The thick foliage of dense language on display in this thought-provoking paradox is typical of Cole’s style throughout. So too are the profound realisations. Here one is led to think that New York is embarrassed of its natural heritage. Nature is dominated by its paving over with roads and buildings. Open spaces are enclosed and converted into state-owned parks.

Concretisation and commodification reign supreme. At one point Julius remembers being asked how to get to 9/11, “not the site of the events of 9/11 but to 9/11 itself, the date petrified into broken stones”.

Yes, Julius’ new home is, in Alicia Keys’ immortal and catchy words, a “concrete jungle where dreams are made of”. However as Julius (or Cole) finds, these dreams are often shallow and unfulfilled, and the concrete jungle joins people more in their solitude than ambitions.

A relatively slim novel, Open City is separated into chapters that read more like fragments of thoughts than linear narrative. Just as his protagonist’s long walks take him through the back alleys and bright lights of the city, from Manhattan to Harlem, so Cole’s meandering musings take him through the dark corners of Julius’ “inconsistent” soul, through culture, history and his own personal demons.

As Harvard scholar James Wood has recently commented, the excellent structuring and style of the novel’s narrative has a meandering quality which makes it appear “followed for its own sake”. Open City begins mid-story and has no conclusive ending. It wanders in to its reader’s consciousness before exiting quietly, having left an indelible mark.

Tweeting about the Nobel Prize for Literature, recently awarded to Swedish poet Tomas Transtromer, Cole (@tejucole) recently mused, “It is possible that the best writer in the world right now is not widely known in the US. Given how little we translate, it’s even probable”.

An interesting thought, it also jars with the recent media hype surrounding him as a global writer in the vein of Arundhati Roy or Chimamanda Ngozi Adichie.

Open City has been praised in the media as the work of a man at home in the world, exhibiting a rare talent that should take him to the forefront of today’s global writers. But what do phrases like “global writer” and “world fiction” actually mean?

As Cole asserts, so little world literature (for want of better words) is translated and read in the US these days – as well as in other publishing hotspots of England and France – that today’s leading examples of the genre are often simply novels written in English, directed to Western audiences and marketed by massive publishing houses.

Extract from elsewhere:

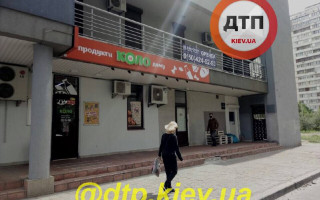 В Киеве мужчина с ножом ограбил магазин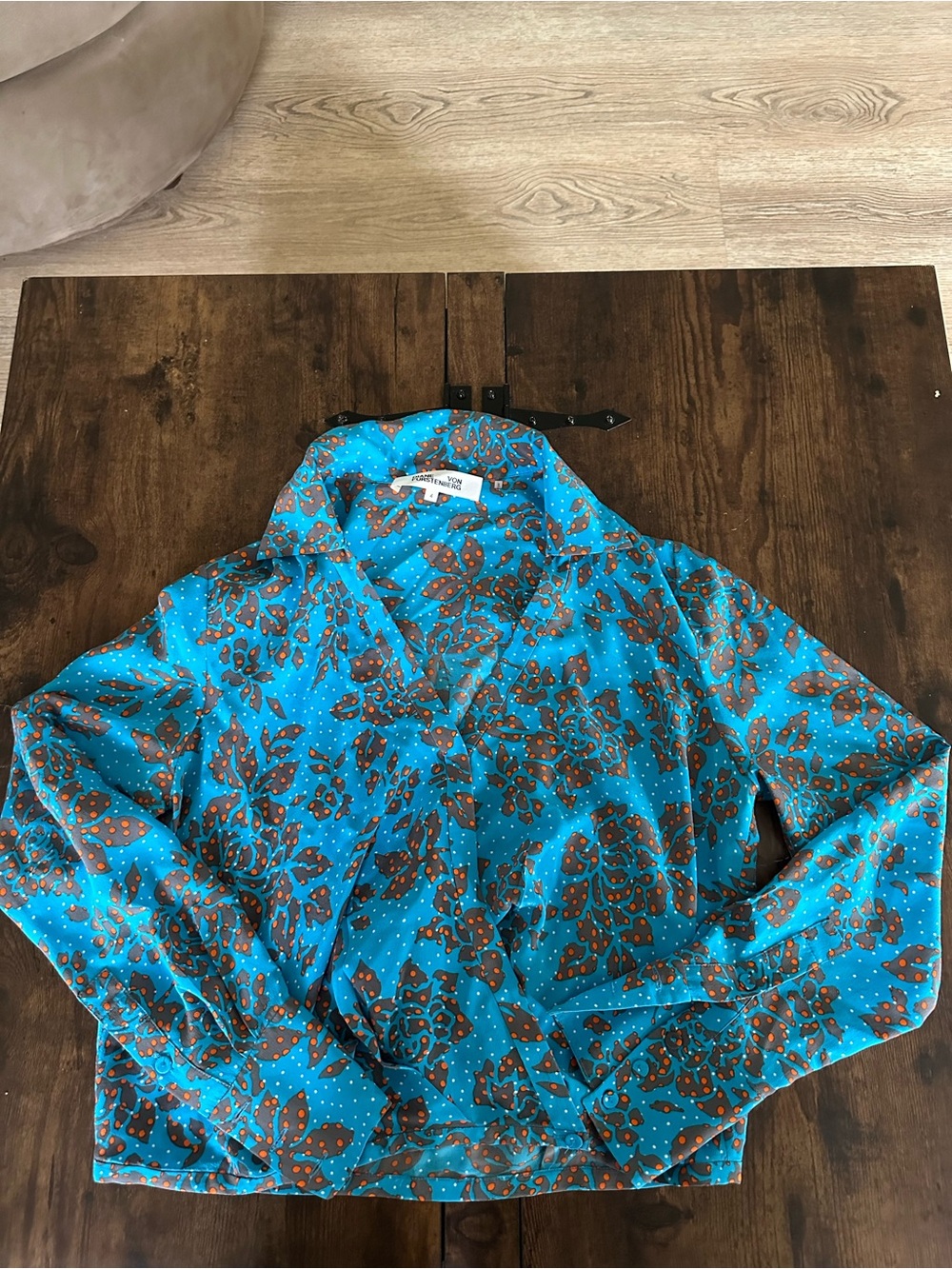 Diane Von Furstenberg Turquoise 100% silk blouse with Brown Floral Orange Dots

Indeed, though several reviewers have called Open City Cole’s debut novel, it is in fact his second. The first, Every Day is for the Thief, was published in Nigeria and as a consequence received little attention on a global perspective. Ironic given that Cole’s debut was a depiction of contemporary Lagos, arguably a more global – if we take global to mean foreign and different – setting than another novel about a contemporary New York.

Written in English and set in New York, Open City hardly transports the reader into an unknown and unrepresented part of the world and shouldn’t be seen as an example of outsider or second or third world literature. It is better seen as a real – and completely original – gem in the litany of post-9/11 novels that explore the American condition after the events of that day a decade ago.

If anything the appraisal of Open City as a great global novel detracts from the true qualities of the book. These are found not in its globality, its considerations of different cultures, peoples and landscapes. Rather they are found in the subtle observations Cole makes about the banality of Western life, his anxieties rooted within the urban sprawl of New York and therefore engendered with a charming and compelling locality.

A solemn love letter to a New York that for Cole homogenises peoples and cultures as well as offering much vibrancy and opportunity, Open City is a novel which deserves care and attention. Like Julius, do it at walking pace.